____ GIVEN DATA

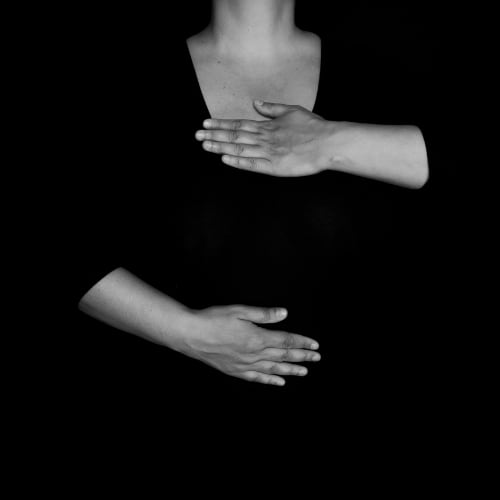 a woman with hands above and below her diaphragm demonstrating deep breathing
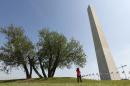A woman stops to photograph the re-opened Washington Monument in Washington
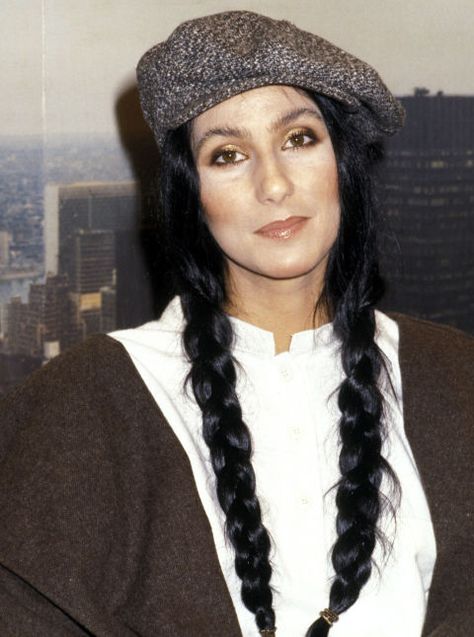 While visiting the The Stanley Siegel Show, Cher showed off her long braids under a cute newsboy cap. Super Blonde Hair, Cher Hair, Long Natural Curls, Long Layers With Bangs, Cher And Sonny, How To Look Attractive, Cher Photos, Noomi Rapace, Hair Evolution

________

- [PROBLEM DETAILS] Reproduce the preceding material exactly, skipping pictures.

- [COMPLETED TASK]
 a woman with hands above and below her diaphragm demonstrating deep breathing
A woman stops to photograph the re-opened Washington Monument in Washington
 While visiting the The Stanley Siegel Show, Cher showed off her long braids under a cute newsboy cap. Super Blonde Hair, Cher Hair, Long Natural Curls, Long Layers With Bangs, Cher And Sonny, How To Look Attractive, Cher Photos, Noomi Rapace, Hair Evolution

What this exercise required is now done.